Passons maintenant à la Code-based cryptography.

Code-based cryptography

Sur celui on va aller vite car au final, peu d'implémentation retenue sur ce dernier, mais en soit ça semble intéressant.

En soit le but dans pour ce type de chiffrement c'est d'utilisé des fonctionnalités de code correcteurs d'erreurs ... kesako ? Mais si je suis sur que vous en avez déjà entendu parler !

Et clairement là j'ai un retour de flemme :)

Rapidement en théorie, au lieu de jouer avec des vecteurs et des polynômes vous allez jouer avec des code correcteurs (Goppa, ...) en sortir une matrice, générer d'autres matrices de tailles définie et de différents formats.

Votre clé publique (P), la plupart du temps, sera le produit de ces matrices et votre secret, bah ce sont les matrices en elle-mêmes (Mgoppa, Ma, Mb).

Pour chiffrer un message M vous allez trouver un chiffre e qui correspond à un vecteur d'erreur et vous allez faire c = MP + e

Pour récupérer le message en clair il faut faire: c' = c * Mb^(-1) puis c'' = c' * Mgoppa ^(-1) -- la au fait vous faites la correction des erreurs, puis enfin M = c'' * Ma ^(-1)

Je vous laisse donc découvrir l'article wikipedia du plus connus d'entre eux et de vous faire une idée de pourquoi on ne l'utilise pas. Et c'est bien dommage mais cela a trop d'inconvénients.

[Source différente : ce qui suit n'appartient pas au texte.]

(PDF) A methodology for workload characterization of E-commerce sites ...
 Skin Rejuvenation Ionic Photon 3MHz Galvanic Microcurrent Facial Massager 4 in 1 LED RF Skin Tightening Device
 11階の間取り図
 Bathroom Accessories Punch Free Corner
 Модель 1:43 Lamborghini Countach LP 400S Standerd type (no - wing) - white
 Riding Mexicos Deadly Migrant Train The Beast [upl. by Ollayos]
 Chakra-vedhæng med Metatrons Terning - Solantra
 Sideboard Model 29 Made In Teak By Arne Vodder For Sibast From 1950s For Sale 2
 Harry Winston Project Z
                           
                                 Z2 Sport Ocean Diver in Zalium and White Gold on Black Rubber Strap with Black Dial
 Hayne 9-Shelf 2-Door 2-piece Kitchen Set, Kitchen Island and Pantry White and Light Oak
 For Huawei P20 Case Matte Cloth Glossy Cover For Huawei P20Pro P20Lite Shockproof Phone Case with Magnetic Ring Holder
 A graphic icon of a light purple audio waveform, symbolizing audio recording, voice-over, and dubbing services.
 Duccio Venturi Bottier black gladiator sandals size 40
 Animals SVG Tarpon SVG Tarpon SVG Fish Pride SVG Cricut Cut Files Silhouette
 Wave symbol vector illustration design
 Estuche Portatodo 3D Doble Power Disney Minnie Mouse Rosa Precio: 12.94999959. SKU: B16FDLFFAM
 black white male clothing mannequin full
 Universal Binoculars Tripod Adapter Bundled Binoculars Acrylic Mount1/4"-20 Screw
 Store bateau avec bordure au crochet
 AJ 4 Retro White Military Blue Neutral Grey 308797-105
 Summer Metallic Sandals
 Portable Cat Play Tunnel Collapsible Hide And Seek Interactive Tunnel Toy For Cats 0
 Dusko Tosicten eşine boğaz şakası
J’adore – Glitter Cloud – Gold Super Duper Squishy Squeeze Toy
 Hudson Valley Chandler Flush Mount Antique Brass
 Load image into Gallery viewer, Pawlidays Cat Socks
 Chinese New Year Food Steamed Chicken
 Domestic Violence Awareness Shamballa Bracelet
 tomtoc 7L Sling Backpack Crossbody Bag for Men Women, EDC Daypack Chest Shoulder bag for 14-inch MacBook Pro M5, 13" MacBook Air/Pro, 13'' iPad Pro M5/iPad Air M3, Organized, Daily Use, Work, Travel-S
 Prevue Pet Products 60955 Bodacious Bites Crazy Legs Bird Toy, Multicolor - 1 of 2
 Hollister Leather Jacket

C'est un peu différent de ce que j'ai décrit plus haut mais l'idée reste la même

Multivariate polynomial cryptography

Alors celle-ci est déjà plus facile à décrire dans un blog-post écrit sur plusieurs sans taper trop fort sur le clavier pour ne réveiller personne (surtout pas les chiens au fait).

Alors tout ce dont je vais parler se passe dans un corps fini (j'avais déjà expliqué ça dans mes vidéos sur la crypto et vous savez ... la flemme de faire un paté sur les corps fini quoi).

La sécurité de ce type de chiffrement repose sur le fait que trouver l'inverse d'un ensemble de polynômes est très compliqué, y compris pour un orginateur quantique.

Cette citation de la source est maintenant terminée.